Shasta Ventures has yet to announce any investments, but that hasn’t stopped limited partners from lining up for its inaugural fund. The Menlo Park, Calif.-based firm currently is in allocation mode, and expects to soon hold a final close in excess of its $175 million target capitalization.
If oversubscription for a first-time fund manager doesn’t seem to make much sense, it is worth noting that the principals of Shasta Ventures previously plied their trade as partners of Battery Ventures, Trinity Ventures and New Enterprise Associates.
They are part of a burgeoning group of “venerable emerging managers” who are expected to have a number of fund-raising success stories in 2005.
“There are a few recognizable names out there [in the fund-raising market], but the fresher ones might be from new firms that are carving out a specific niche,” says Greg Turk, director of private equity investments for the Illinois Teachers’ Retirement System.
His group recently committed $25 million to Shasta, joining other LPs such as the California State Teachers’ Retirement System, Paul Capital, Baylor Health Care System, Bell Atlantic Master Trust and Fort Washington Capital Partners.
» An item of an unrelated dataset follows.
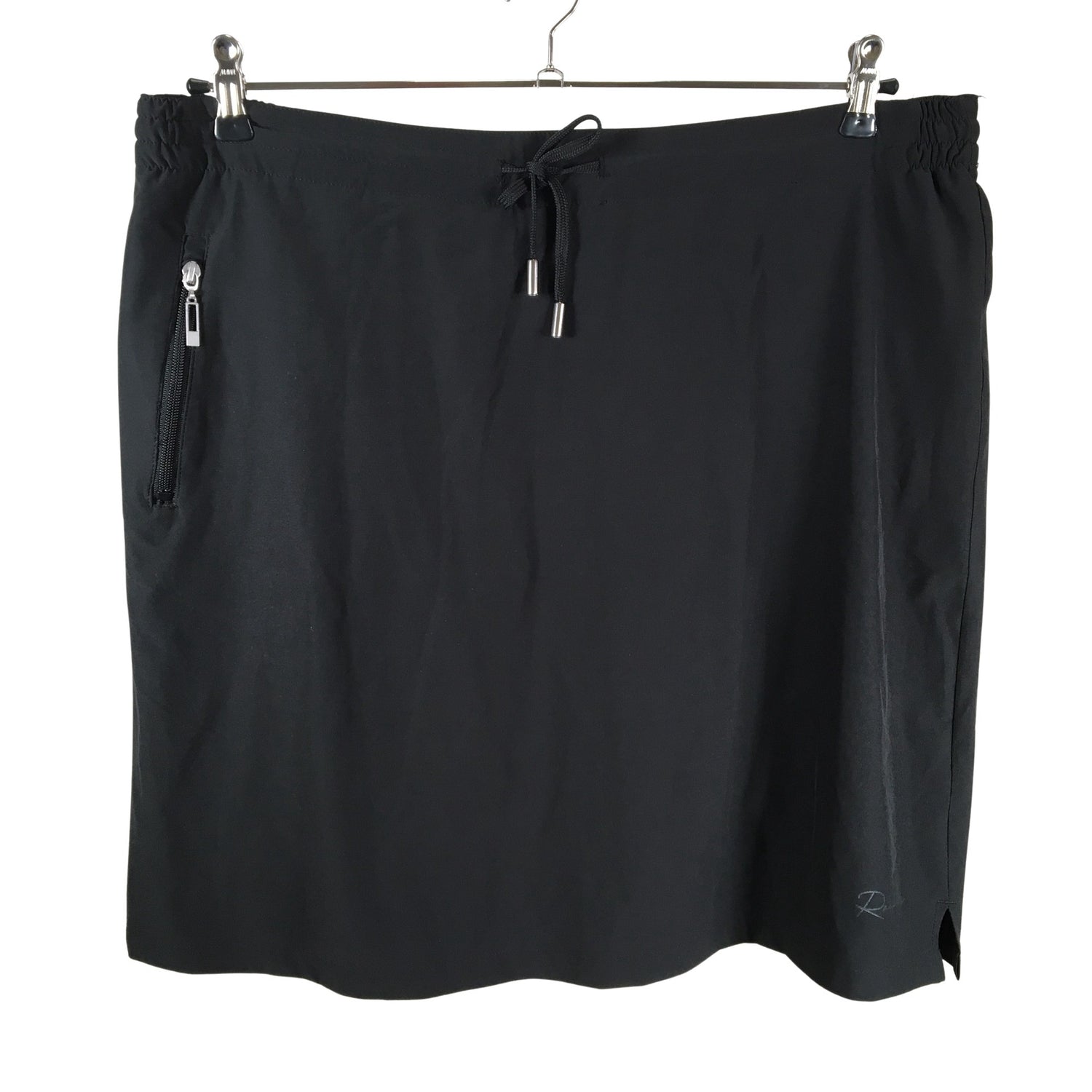  Urheiluhame  Urheilushortsihame, koko 44  Raiski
The next venerable emerging manager to close a fund could be Union Square Ventures, which has been in the market with a $125 million-targeted vehicle for nearly nine months. The New York-based firm was launched by Fred Wilson (formerly of Flatiron Partners) and Brad Burnham (formerly of AT&T Ventures). Union Square already has $104.2 million in committed capital from LPs, such as the Los Angeles County Employees’ Retirement Association and the University of Texas Investment Management Co.
Also out in market right now are a handful of groups whose partners have worked together for a while, but are operating more independently. The most notable example is IDG Ventures, the corporate venture arm of IT media company International Data Group.
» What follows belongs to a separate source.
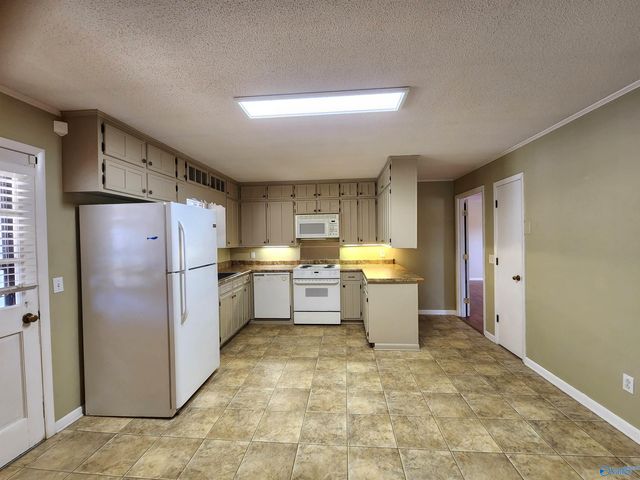 6107 Trailwood Drive, Huntsville, AL 35811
Each of the firm’s five offices traditionally has operated autonomously, with IDG being the sole limited partner in each office’s stand-alone fund. Going forward, however, IDG has announced it will simply serve as a limited partner – albeit a significant one – while the offices go out in search of third-party capital.
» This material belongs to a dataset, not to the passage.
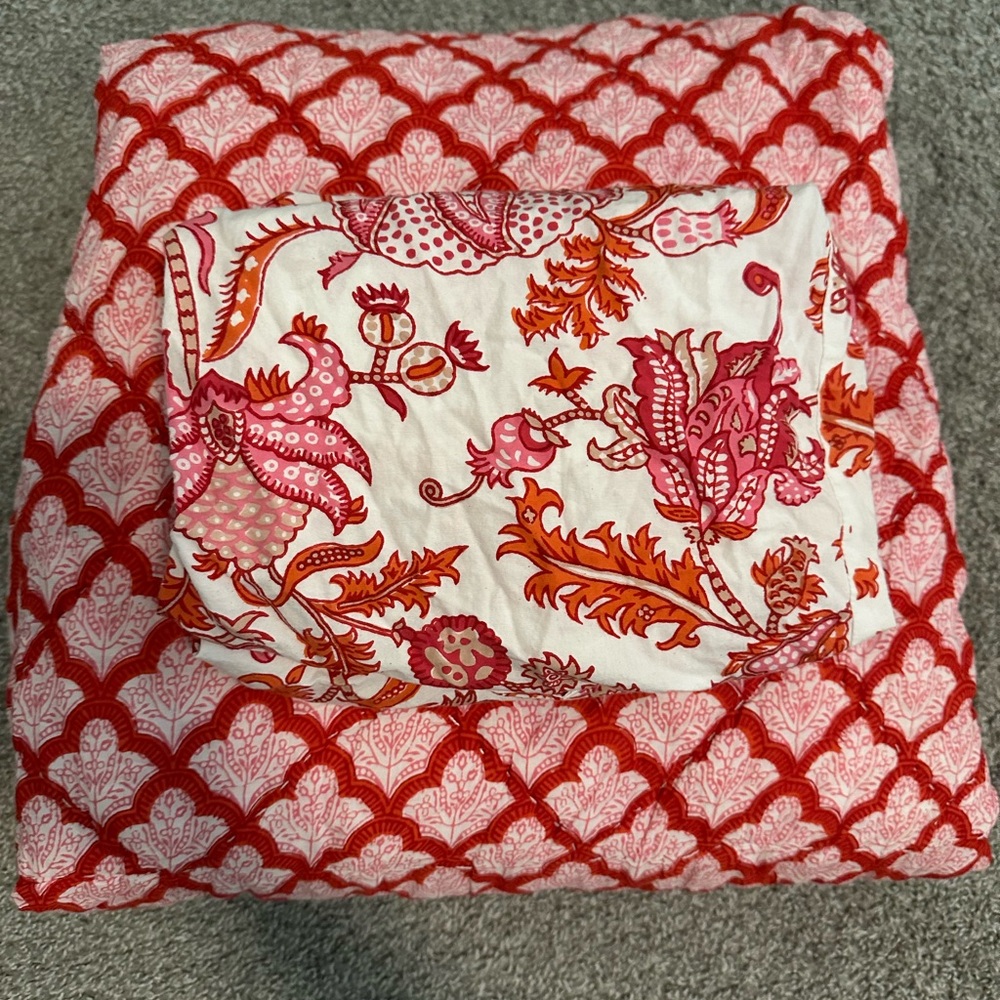 Roller Rabbit Comforter and 2 Pillow Cases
The farthest along is IDG Ventures Boston, which hopes to close on $150 million by early in the second quarter.
“We’re going to continue our strategic relationship with IDG, but this is the best way to go about building a real early-stage VC franchise in Boston,” says Chip Hazard, a managing general partner with IDG Boston.
The group traditionally has been organized along geographic lines, with separate fund structures for the Boston, West Coast, European, China and Vietnam offices. IDG Ventures’ West Coast office also is prepping a new fund (and recruiting two new partners), while similar strategies are expected for both the Europe and China offices.
Sightline & Sprout
Another unchained venture group that’s hitting the 2005 fund-raising market is Sightline Partners (formerly Piper Jaffray Ventures health care group).
And Sprout Healthcare Ventures already has $155 million in LP commitments locked up as of a regulatory filing last September.